Louisiana is one of the few where there are no restrictions on when, wher,e and how often commissioners can communicate with the utilities they regulate. Louisiana Public Service Commission YouTube channel
This story was reported by Floodlight, a nonprofit newsroom that investigates the powerful interests stalling climate action.
This past April, days before a Louisiana Public Service Commission (PSC) meeting at a remote lakefront resort, the state’s largest power company dropped a bombshell. Entergy asked the five commissioners to vote—four months ahead of a schedule—on an ambitious resilience plan slated to cost nearly $2 billion.
A Louisiana consumer watchdog group and the state’s refineries and chemical plants formally objected, saying the process was “unnecessarily fast-tracked” and that Entergy had provided “insufficient information” to evaluate the plan, which included replacing and strengthening utility poles and power lines and protecting substations from flooding.

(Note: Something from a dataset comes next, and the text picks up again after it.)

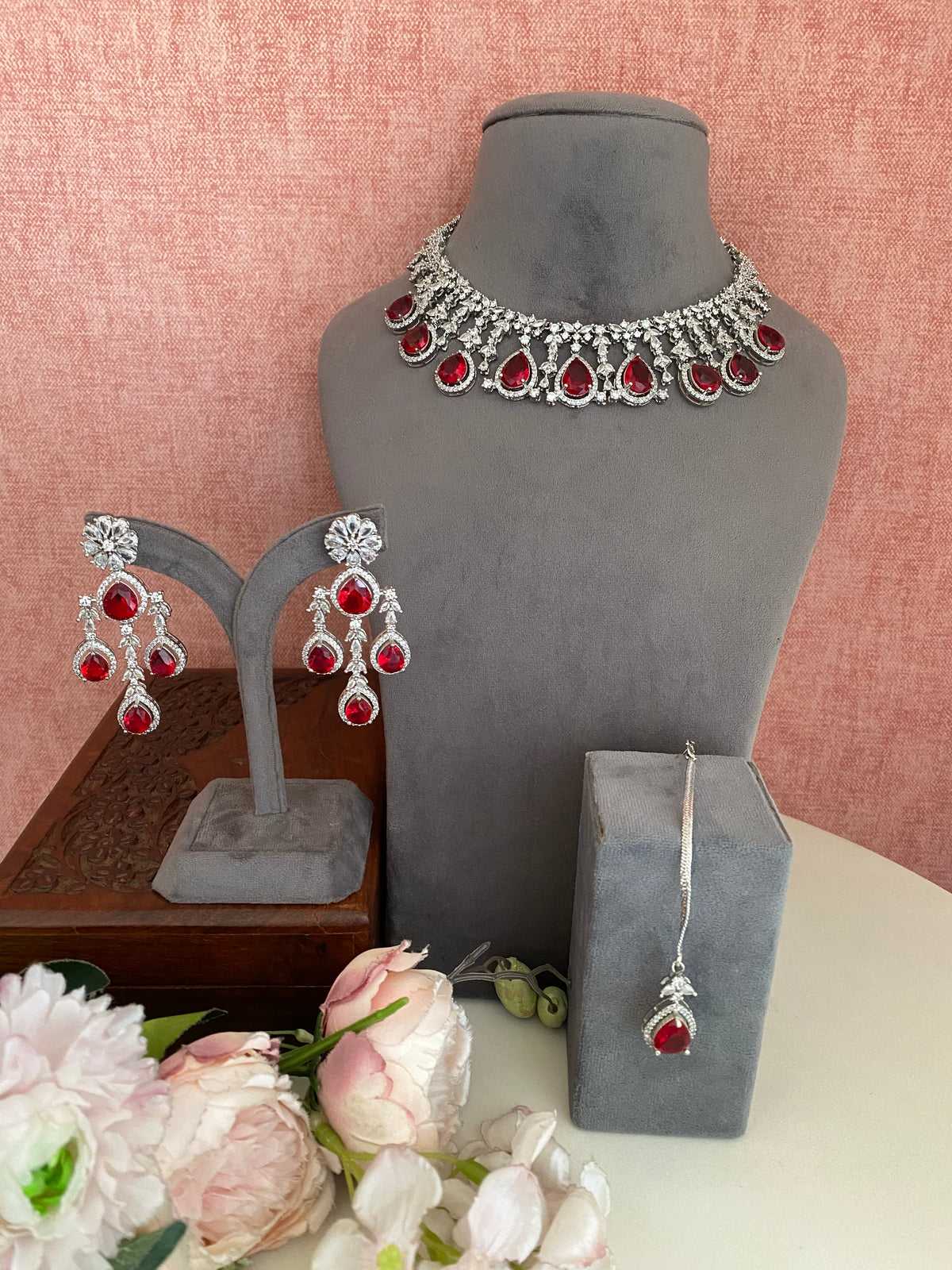 Ruby and Diamond Necklace set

Despite these objections, Entergy’s plan was added to the agenda. “This is [a] wholly undemocratic process,” James Hiatt, an environmental activist, protested to the panel. “Why does it need to be rushed through today?”

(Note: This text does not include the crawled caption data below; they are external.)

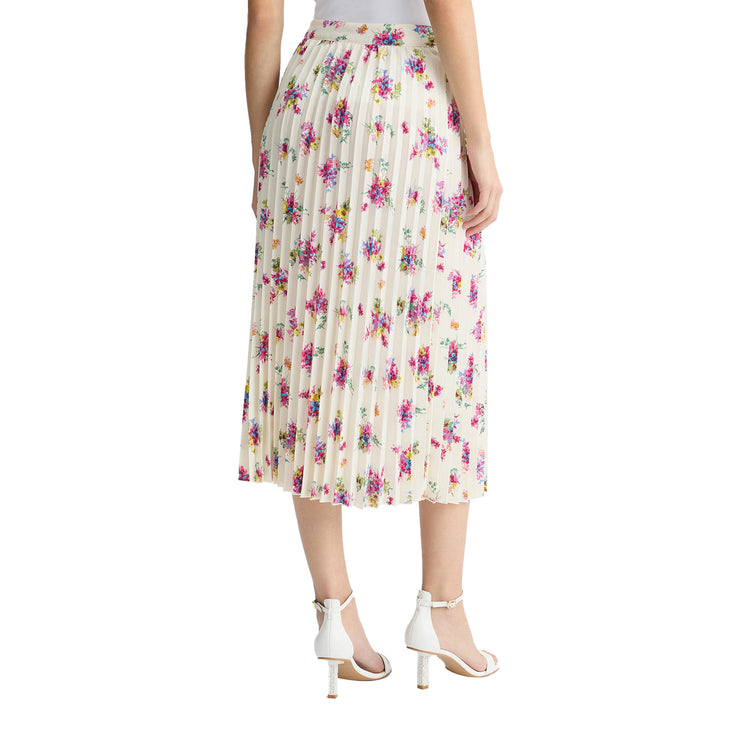 Gonna lunga da Donna plissé floreale modella retro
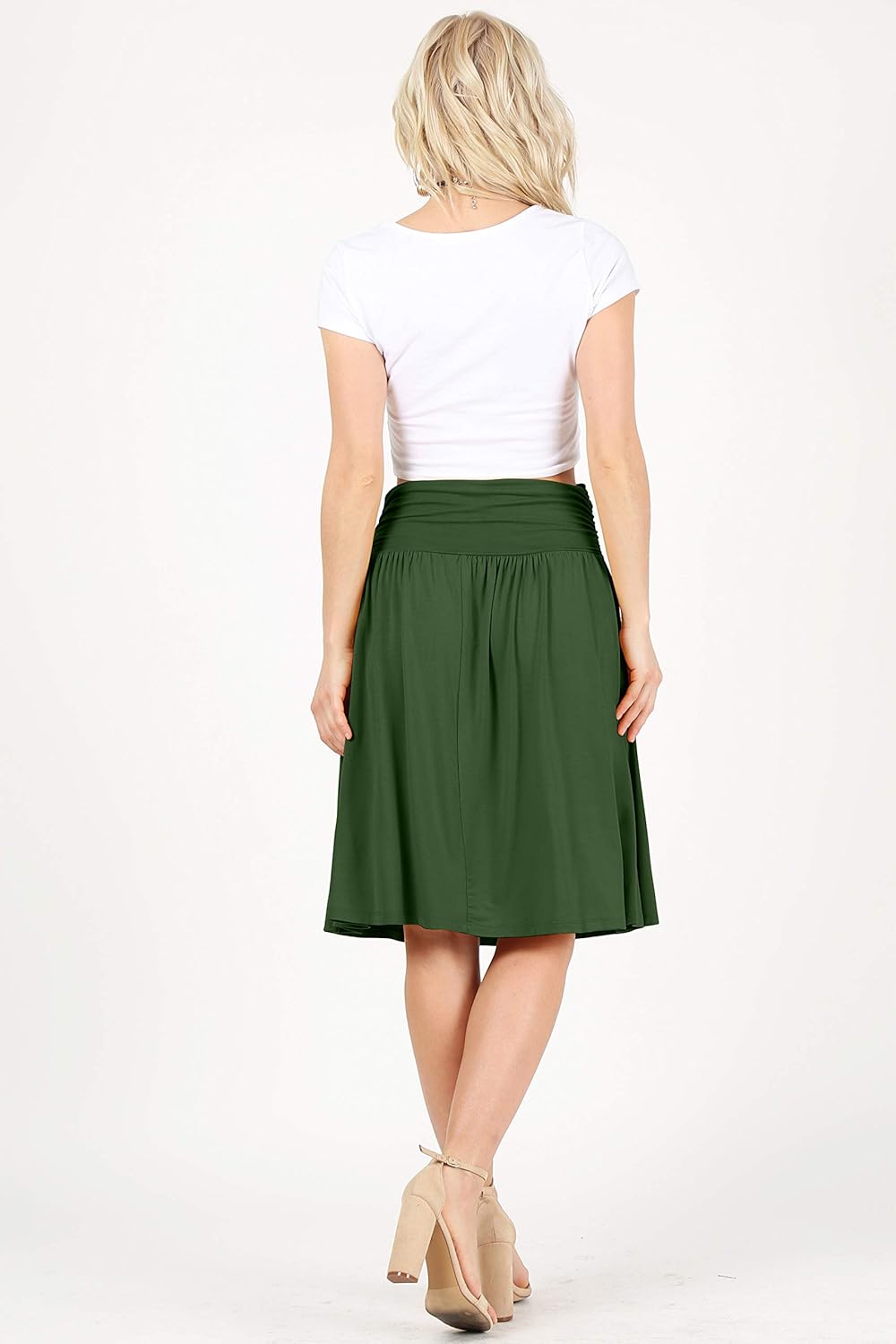 Simlu Skirts for Women Regular and Plus Size Skirt with Pockets Below The Knee Length Ruched Flowy Midi Skirt - Image 3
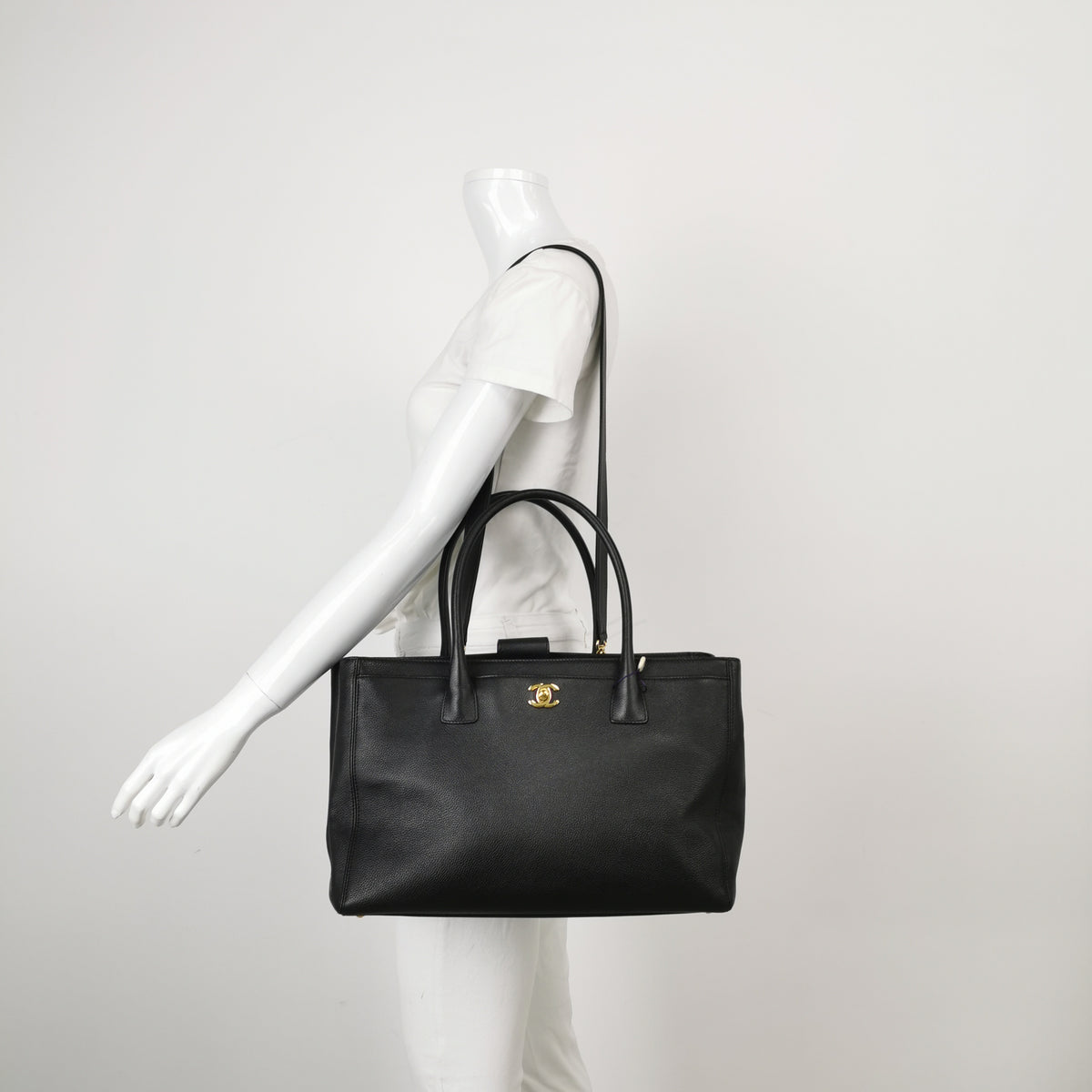 Chanel Executive Cerf Shopper Tote Caviar Black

Shortly before the meeting, Entergy’s big industrial customers, including Chevron and ExxonMobil, dropped their opposition to the plan after the PSC shifted millions of dollars of the cost onto Entergy’s residential and commercial ratepayers.
Commissioners Davante Lewis and Foster Campbell, blindsided by the change, pushed their colleagues for a postponement. They were overruled, and the plan was approved.
This last-minute decision to saddle ratepayers with a greater share of the utility’s costs, exemplifies the imbalance of power in Louisiana and what’s at stake in the upcoming election for an open PSC seat. Whoever wins will replace Republican........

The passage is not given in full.